Let $A$ be an open subset of $\mathbb{R}^3$. Let $B$ be a subset of $\mathbb{R}^2$ defined by the points $(x,y)$ for which $(x,y,x+y)\in A$. I am struggling a bit how to show that $B$ is open in $\mathbb{R}^2$. I know that if $B$ is open in $A$ iff $B$ is open in $\mathbb{R}^3$ if they were the same dimension but now I am struggling how to combine the 2D situation and the 3D. My main problem visualising is that I see that $x$ and $y$ come from an open set but how do I know $x+y$ does not pass the boundary of that set?
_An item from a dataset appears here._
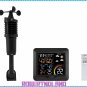 La Crosse Color Wind Speed Weather Station, 327-1417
And still I don't see how to combine the dimensions.

Answer 1

I think you meant to say $B=\{(x,y): (x,y,x+y) \in A\}$.

$f(x,y)=(x,y,x+y)$ defines a continuous function from $\mathbb R^{2}$ to $\mathbb R^{3}$ and so the inverse image of $A$ under this function is open.

Answer 2

So $A \subseteq \Bbb R^3$ is given.

You define $B = \{(x,y) \in \Bbb R^2: (x,y,x+y) \in A\}= f^{-1}[A]$ where

$$f: \Bbb R^2 \to \Bbb R^3, f(x,y):= (x,y, x+y)$$ It's quite easy to see that $f$ is continuous (it's even a linear map) and so $A$ open implies that $B$ is open by continuity. But taking $A = f[\Bbb R^2]$ we have that $A$ need not be open even when $B$ is.